◆ Task instructions:
Here is a listing, set out below; repeat its lines from the one with "ATSURO TAYAMA 洋裝" to the last, both included, and leave out the pictures.

◆ Source material:
--*--
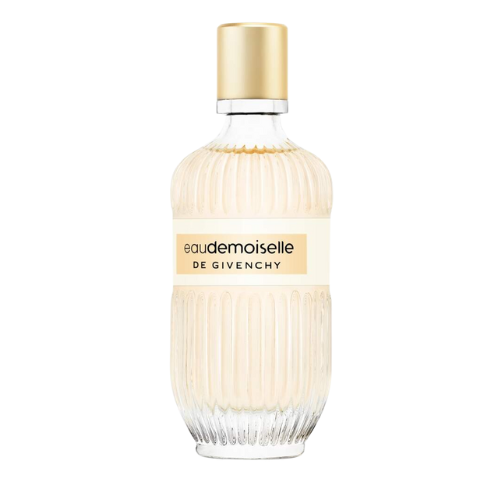 Givenchy Eau de moiselle L EDT 100 ml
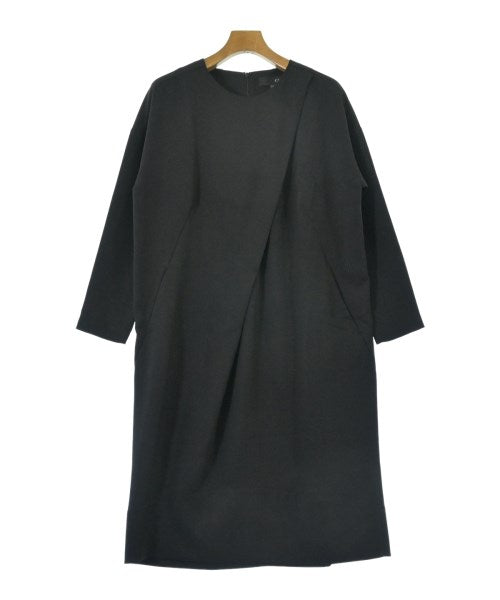 ATSURO TAYAMA 洋裝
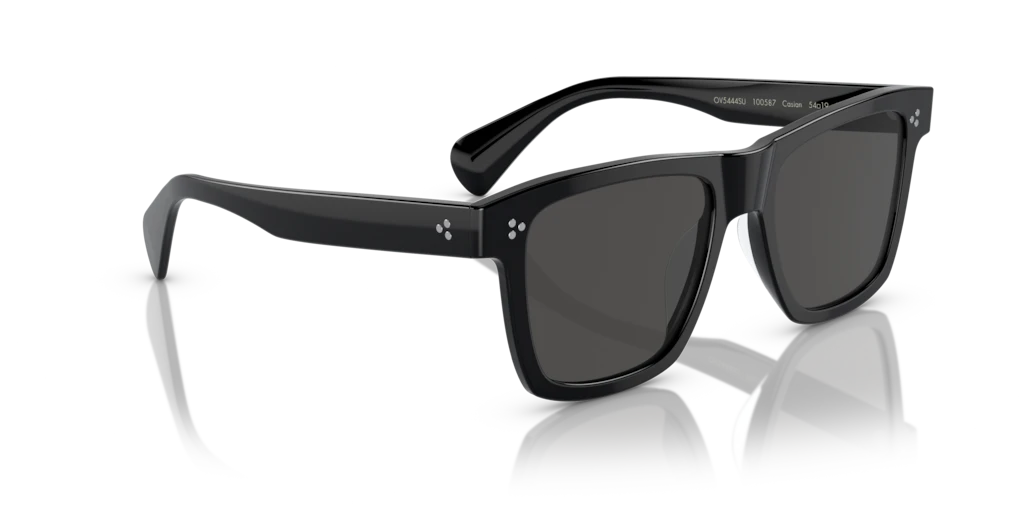 Oliver Peoples OV5444SU 100587 - 54 - Güneş Gözlükleri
--*--
◆ Response:
 ATSURO TAYAMA 洋裝
 Oliver Peoples OV5444SU 100587 - 54 - Güneş Gözlükleri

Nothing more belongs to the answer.